Wednesday 23 September 2015

PALAVER TREE COMMENTARY: Behind Burkina Faso’s Coups, Is Every African Leader’s Unlearnt Lesson…



By Okore Scheaffer
African presidents are known for their allergy to the word ‘limit’ in any capacity. Many of them don’t clearly understand this five letter word that has cost most of them a peaceful retirement. Creating not only a breed of entitled loathed heads of state but also those with insatiable limitations.
Burkina Faso is just one example among an array of states where the people have grown wary and exasperated. Even with its economic growth, Burkina Faso remains at the very bottom of the United Nations’ Human Development Index, making it one of the world’s poorest states. Many university graduates struggle to find work and often blame corruption for their difficulties. How many Africans go through this?

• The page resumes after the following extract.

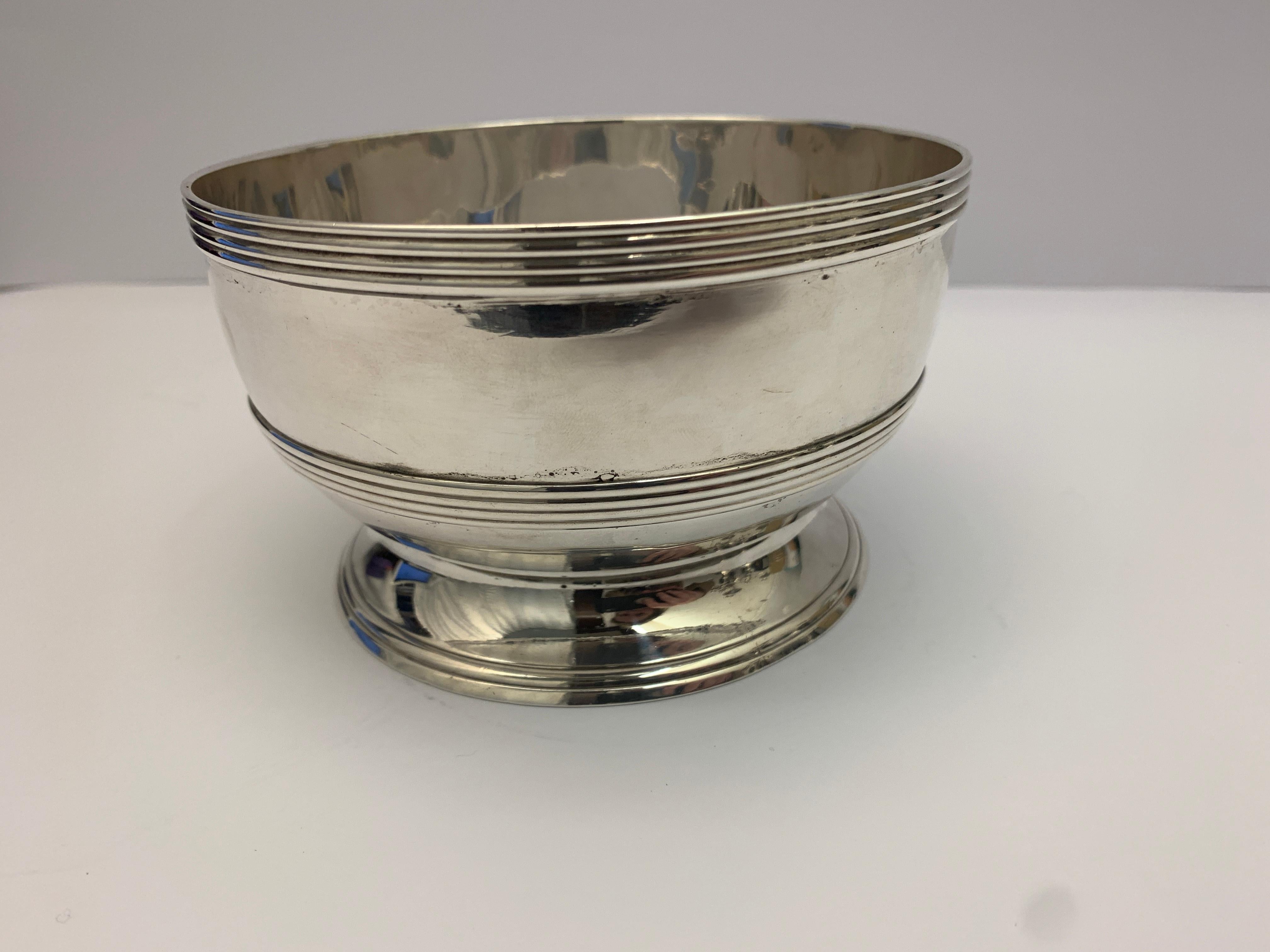 An antique silver bowl of simple design. Made in 1810 by Peter and William Bateman.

Ousted President Blaise Compaoré had cast his leadership on stone for 27 years after the assassination of Thomas Sankara by ensuring he had a presidential guard of an elite unit comprising of 1,300 soldiers loyal to him. He set it up to ensure his own protection in the wake of the 1987 killing of his predecessor, and close ally, Thomas Sankara during a coup which led to Mr Compaoré taking over.
The Bukinabes had had copious amounts of the repetitive change narrative that wasn’t yielding fruits. It was time in 2014 to stand up for something new and distinctive after an unchanging 27-year rule that seemingly wasn’t going to come to an end. They had reached their limits. There’s always so much that people can take and for how long. Most African leaders forget so spectacularly that they are governing humans, not puppets.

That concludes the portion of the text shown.